--- Record extracts ---
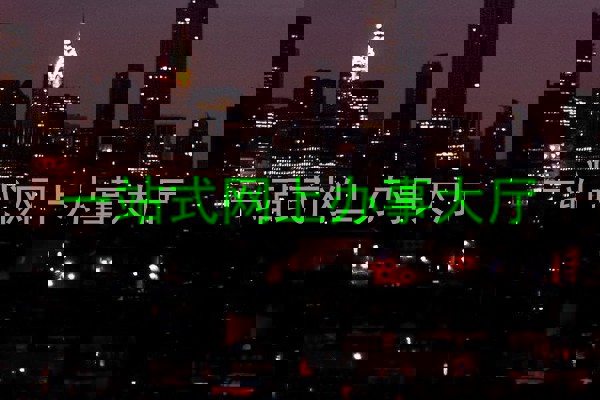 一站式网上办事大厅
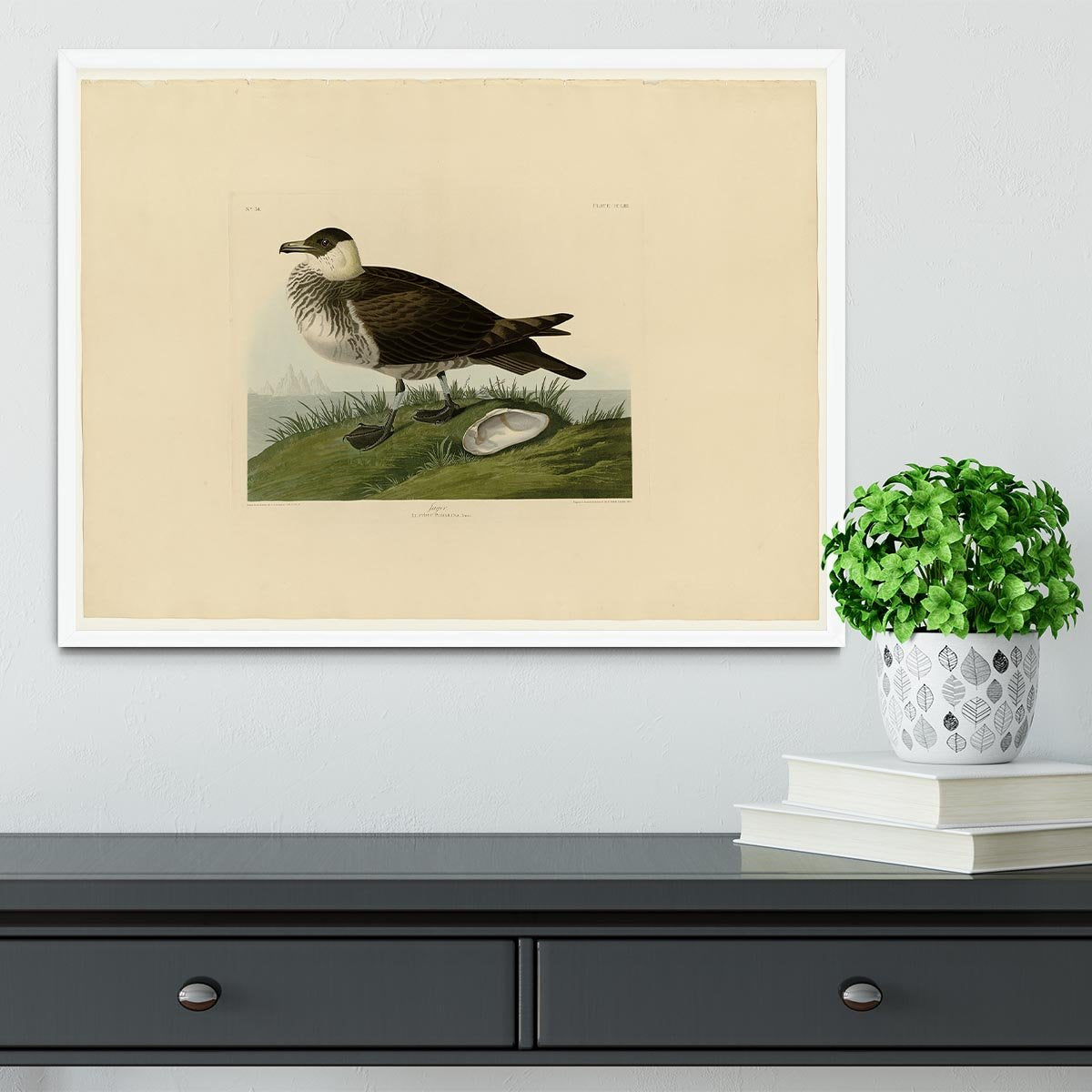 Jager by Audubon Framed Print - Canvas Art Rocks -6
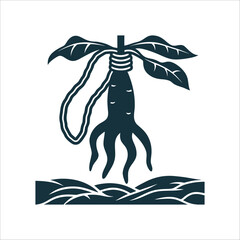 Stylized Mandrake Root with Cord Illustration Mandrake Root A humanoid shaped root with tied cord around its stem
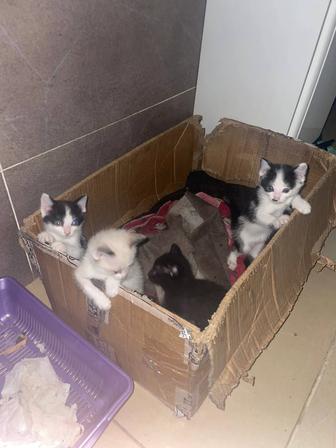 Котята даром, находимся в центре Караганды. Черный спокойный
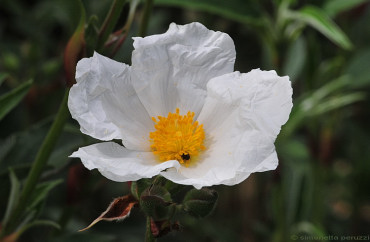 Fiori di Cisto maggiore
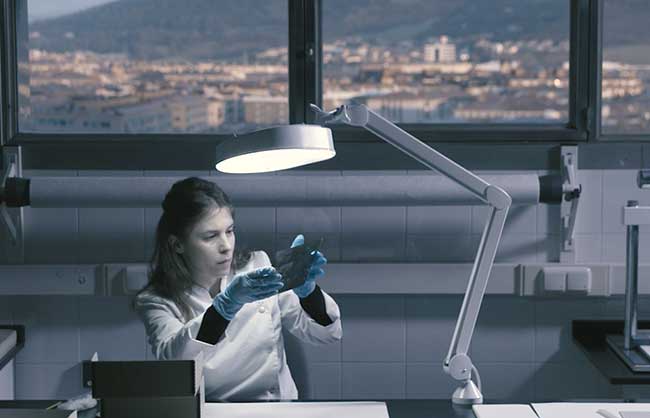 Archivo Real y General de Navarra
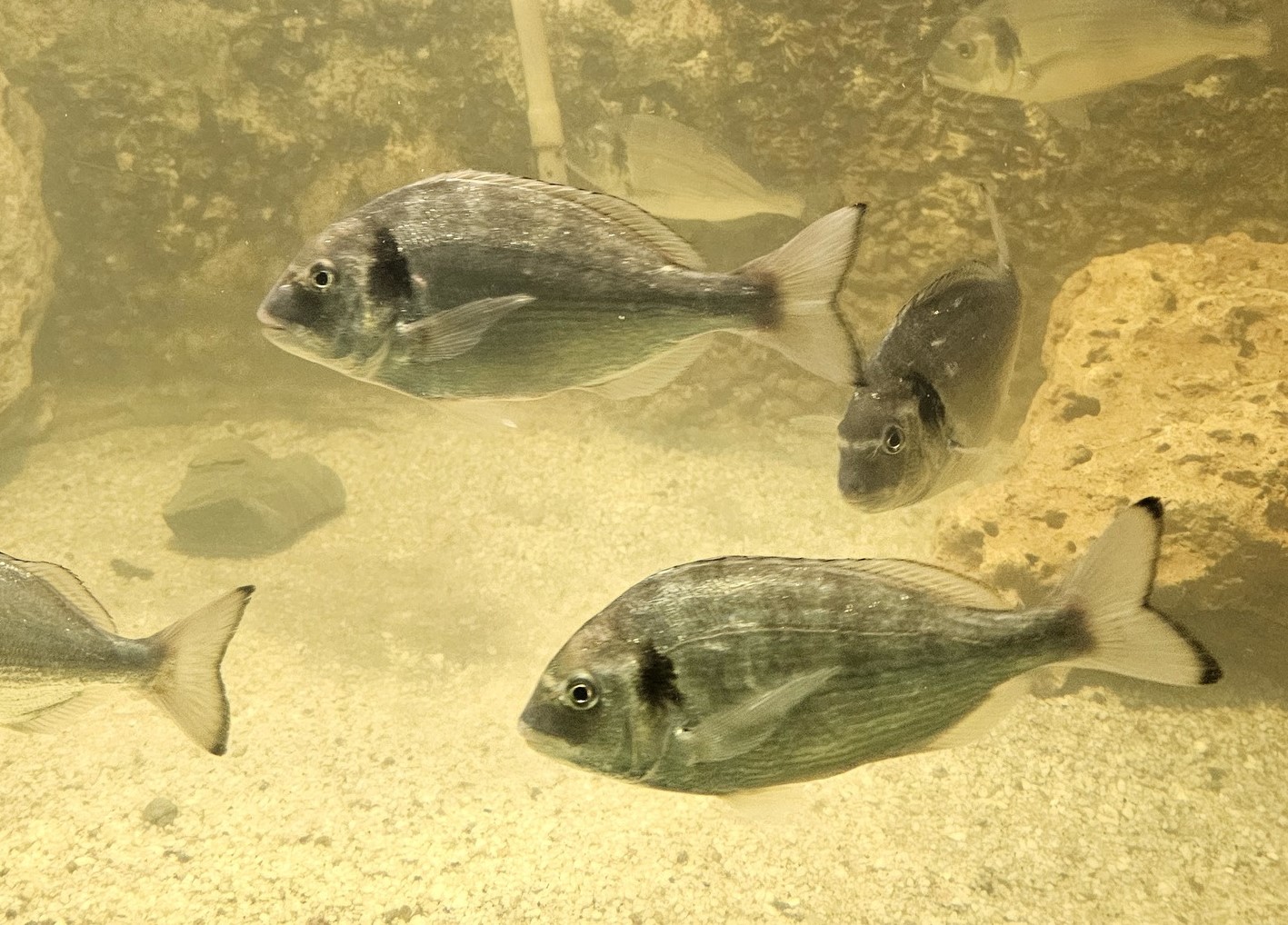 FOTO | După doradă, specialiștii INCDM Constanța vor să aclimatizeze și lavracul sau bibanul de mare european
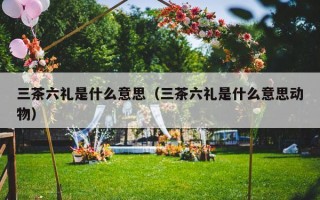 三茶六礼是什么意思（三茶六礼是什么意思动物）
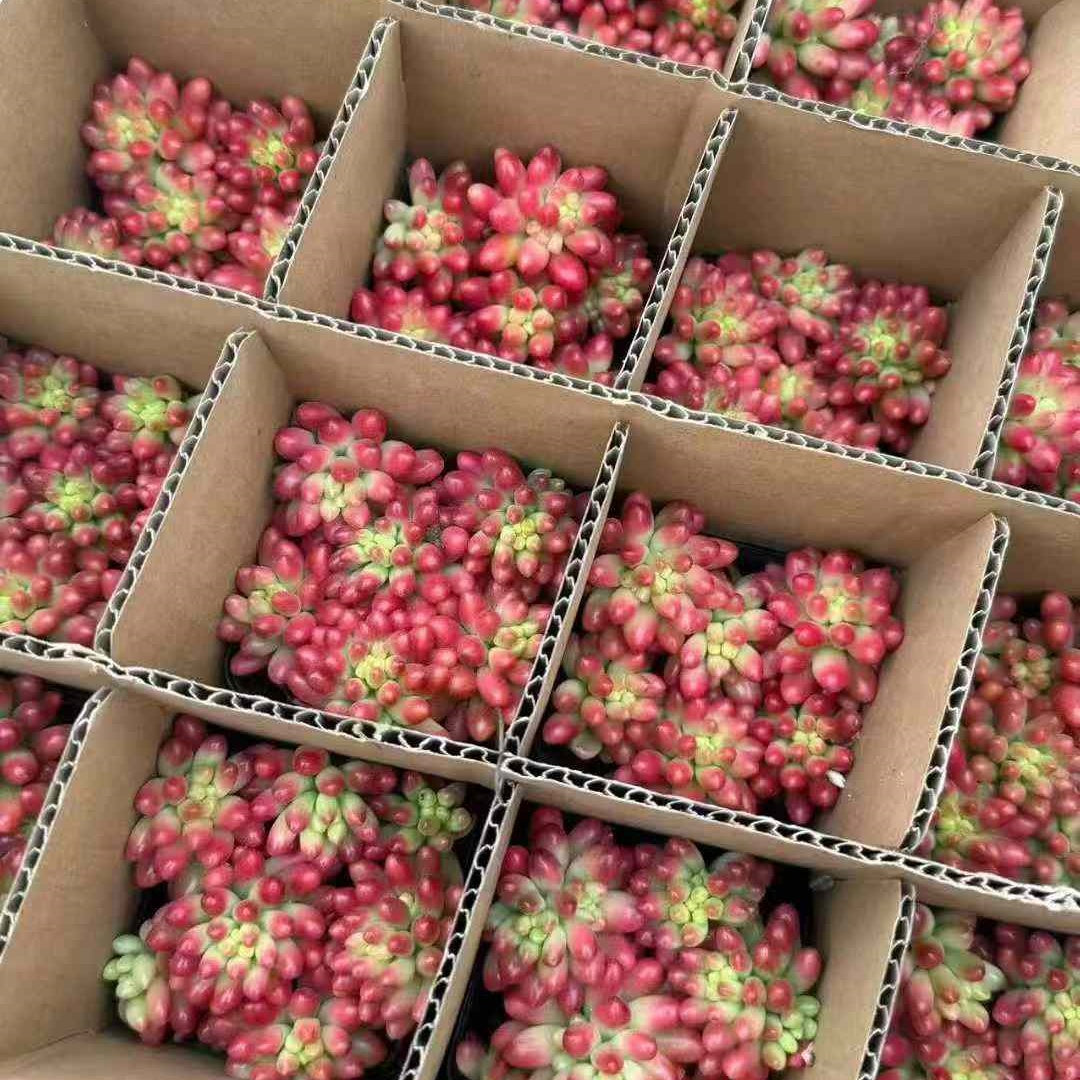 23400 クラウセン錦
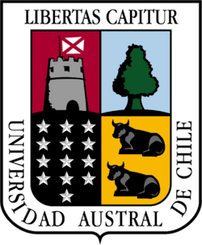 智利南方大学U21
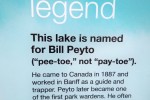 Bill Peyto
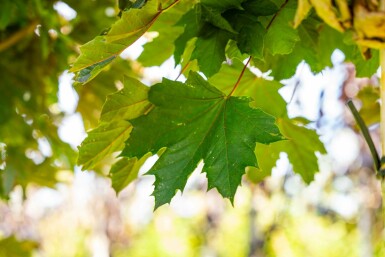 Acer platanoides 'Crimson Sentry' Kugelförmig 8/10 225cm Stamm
---
▸ **Task requirements**
The data above is to be printed exactly, all of it, except for the pictures.

▸ **Task solution**
 一站式网上办事大厅
 Jager by Audubon Framed Print - Canvas Art Rocks -6
 Stylized Mandrake Root with Cord Illustration Mandrake Root A humanoid shaped root with tied cord around its stem
 Котята даром, находимся в центре Караганды. Черный спокойный
 Fiori di Cisto maggiore
 Archivo Real y General de Navarra
 FOTO | După doradă, specialiștii INCDM Constanța vor să aclimatizeze și lavracul sau bibanul de mare european
 三茶六礼是什么意思（三茶六礼是什么意思动物）
 23400 クラウセン錦
 智利南方大学U21
 Bill Peyto
 Acer platanoides 'Crimson Sentry' Kugelförmig 8/10 225cm Stamm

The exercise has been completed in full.